Gorzowianie! Znika jedna z najsłynniejszych ruder w mieście!

Czytaj dalej
Fot. Tomasz Rusek
Tomasz Rusek

Gorzowianie! Znika jedna z najsłynniejszych ruder w mieście!

Tomasz Rusek

Historyczna chwila dla mieszkańców os. Sady. - Nie sądziłem, że dożyję rozbiórki tego szkaradztwa! - mówił nam piątek Marek Kosecki.

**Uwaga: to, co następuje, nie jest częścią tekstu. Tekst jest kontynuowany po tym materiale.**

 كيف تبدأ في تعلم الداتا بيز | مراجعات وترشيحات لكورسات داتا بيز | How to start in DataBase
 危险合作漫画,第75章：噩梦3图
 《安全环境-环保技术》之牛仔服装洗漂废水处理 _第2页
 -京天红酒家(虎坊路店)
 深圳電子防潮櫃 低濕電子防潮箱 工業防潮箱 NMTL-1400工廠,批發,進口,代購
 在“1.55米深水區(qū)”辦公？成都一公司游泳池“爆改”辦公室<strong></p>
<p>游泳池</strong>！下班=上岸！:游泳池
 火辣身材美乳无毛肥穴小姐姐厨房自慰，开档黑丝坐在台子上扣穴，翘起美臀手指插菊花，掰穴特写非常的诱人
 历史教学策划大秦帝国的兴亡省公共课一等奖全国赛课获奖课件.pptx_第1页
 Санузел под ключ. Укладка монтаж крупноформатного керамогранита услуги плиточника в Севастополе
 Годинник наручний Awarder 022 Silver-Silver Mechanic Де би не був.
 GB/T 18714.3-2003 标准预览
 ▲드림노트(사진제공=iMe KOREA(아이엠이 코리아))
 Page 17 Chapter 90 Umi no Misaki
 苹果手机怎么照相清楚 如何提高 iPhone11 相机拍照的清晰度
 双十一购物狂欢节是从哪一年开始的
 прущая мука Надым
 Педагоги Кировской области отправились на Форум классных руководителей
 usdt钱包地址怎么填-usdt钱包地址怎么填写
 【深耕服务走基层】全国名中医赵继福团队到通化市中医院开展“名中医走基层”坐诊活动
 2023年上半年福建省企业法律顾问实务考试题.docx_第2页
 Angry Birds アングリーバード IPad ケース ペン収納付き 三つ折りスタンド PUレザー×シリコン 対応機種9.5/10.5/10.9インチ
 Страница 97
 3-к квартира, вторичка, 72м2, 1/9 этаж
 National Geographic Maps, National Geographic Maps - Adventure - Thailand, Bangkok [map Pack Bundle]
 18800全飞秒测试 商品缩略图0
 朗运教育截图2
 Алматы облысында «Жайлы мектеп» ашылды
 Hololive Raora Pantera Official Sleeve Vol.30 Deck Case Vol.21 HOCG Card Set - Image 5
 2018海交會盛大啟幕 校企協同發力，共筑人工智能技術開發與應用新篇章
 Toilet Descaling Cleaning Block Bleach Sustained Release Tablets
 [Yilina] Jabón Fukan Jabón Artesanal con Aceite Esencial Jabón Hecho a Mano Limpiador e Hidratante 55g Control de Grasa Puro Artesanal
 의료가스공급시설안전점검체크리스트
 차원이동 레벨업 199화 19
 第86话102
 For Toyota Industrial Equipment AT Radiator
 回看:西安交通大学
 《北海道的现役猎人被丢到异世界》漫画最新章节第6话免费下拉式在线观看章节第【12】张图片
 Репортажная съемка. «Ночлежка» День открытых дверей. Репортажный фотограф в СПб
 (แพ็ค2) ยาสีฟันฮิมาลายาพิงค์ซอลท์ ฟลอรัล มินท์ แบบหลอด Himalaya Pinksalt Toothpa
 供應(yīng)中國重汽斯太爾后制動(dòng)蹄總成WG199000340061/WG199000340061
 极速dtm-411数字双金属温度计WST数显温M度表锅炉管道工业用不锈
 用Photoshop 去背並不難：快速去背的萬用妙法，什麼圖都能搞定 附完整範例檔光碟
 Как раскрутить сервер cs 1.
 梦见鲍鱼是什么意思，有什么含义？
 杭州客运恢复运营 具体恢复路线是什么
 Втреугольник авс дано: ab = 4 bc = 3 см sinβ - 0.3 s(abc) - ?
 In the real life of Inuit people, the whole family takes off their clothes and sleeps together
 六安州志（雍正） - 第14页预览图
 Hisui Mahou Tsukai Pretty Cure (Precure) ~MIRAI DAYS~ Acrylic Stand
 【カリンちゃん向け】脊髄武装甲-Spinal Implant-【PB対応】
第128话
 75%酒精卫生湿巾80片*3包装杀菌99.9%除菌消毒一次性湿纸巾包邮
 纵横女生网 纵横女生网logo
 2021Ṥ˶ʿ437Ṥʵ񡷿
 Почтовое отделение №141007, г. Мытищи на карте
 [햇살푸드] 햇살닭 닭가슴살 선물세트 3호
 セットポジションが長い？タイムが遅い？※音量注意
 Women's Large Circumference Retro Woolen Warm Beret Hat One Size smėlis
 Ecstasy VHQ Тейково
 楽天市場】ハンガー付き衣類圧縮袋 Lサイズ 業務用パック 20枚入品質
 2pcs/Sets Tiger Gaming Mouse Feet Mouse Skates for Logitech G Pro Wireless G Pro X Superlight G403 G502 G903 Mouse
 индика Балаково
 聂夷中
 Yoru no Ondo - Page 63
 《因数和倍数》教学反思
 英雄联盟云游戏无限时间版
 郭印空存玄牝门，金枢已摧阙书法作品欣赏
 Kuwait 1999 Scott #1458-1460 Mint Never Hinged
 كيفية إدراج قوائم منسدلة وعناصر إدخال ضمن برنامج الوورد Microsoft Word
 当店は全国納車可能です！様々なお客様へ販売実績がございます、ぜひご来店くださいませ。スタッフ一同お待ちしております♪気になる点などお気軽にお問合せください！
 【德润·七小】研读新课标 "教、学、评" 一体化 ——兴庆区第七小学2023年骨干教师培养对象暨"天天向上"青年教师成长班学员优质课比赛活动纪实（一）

- Dziejowy moment, nie ma wątpliwości - żartował się podczas rozmowy z „GL” były radny M. Kosecki. A żartował, bo chwila jest radosna. Z miasta znika właśnie kolejny szpetny obiekt. W sumie nawet jeden z symboli brzydoty. - A wydawało mi się, że nie dożyję tej chwili. Ile to lat kłuło w oczy? Nawet nie wiem - przyznał M. Kosecki.
- Mieszkam tu 17 lat. I od początku było to coś. Czyli 17 lat minimum - dodała spotkana przy ruinie pani Danuta.
Jednak od kiedy dokładnie rudera szpeci osiedla? Nikt nie wie. Dwie dekady to na pewno.

Każdy to kojarzy

Kto mieszka na Sadach, albo nawet na Górczynie, na pewno kojarzy nigdy nie dokończoną budowę potężnego domu dwurodzinnego przy ul. Bohaterów Lenino (między kościołem a ul. Kościuszki). Jego parter częściowo zagospodarowano pod bar, ale poddasze - z dachem pokrytym papą i oknami bez szyb - było nieużywane. Nie było też elewacji. A dookoła zbierały się śmieci. Przez lata budynek popadał w ruinę, a tuż zanim - dla kontrastu - wyrosło ładne osiedle. Jednak pomimo tego nie było mocnych na ruderę.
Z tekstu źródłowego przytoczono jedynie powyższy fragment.